Intel Corporation (NASDAQ:INTC) has agreed to release pay data of employees to the public broken down by race and gender by the end of this year. It is joining the ranks of pay transparency, which is used to mitigate the pay gaps. The company will inform the public about how much it pays to employees of color and women. Few companies like BBC and Buffer have been releasing employee pay data for the past few years.
Firms with over 100 to release pay data
The companies having 100 or more employees need to provide pay data (broken down by race and gender) to the Equal Employment Opportunity Commission (EEOC). Such data is kept private at EEOC unless a company voluntarily discloses pay data. It is on the backdrop of workers in various industries seeking equality in pay irrespective of color, gender, and race of women and men. The wage gap based on gender and color is persistent in the technology industry. A white woman makes 81 cents, whereas a black woman earns 61 cents. Transparency in the pay helps to mitigate the gap in the wages between gender and the color of women.

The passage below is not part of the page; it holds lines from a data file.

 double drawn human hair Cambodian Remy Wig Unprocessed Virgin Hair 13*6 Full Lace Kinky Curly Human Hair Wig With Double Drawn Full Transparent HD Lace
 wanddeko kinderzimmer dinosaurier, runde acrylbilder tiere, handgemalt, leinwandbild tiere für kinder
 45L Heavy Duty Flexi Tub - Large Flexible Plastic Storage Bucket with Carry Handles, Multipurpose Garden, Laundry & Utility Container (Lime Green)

Women account for 22% in the AI industry
Women account for just 9% of the leaders in the IT industry worldwide. Though several industries have claimed to have implemented wage diversity initiatives, the figure has not changed much in the past few years. Diversity stats and pay gaps are still issues in the tech industry, mainly in the AI dominated sector. Women in the AI industry account for 22% only. It shows sexism concerns are hardwired in the future.
EEOC would offer more details on pay data in the bigger companies. However, However, large corporations don’t need to make pay data public. Julie Ann Overcas, Vice President (HR) of Intel, said the company must prepare to make the pay data public and withstand the criticism to accomplish real progress.
The news is emanated after Intel agreed earlier this week to settle the pay discriminations towards the minorities by paying $5 million. The company will pay $3.5 million towards interest and back wages. It has also earmarked $1.5 million for future settlements in engineering positions in the US.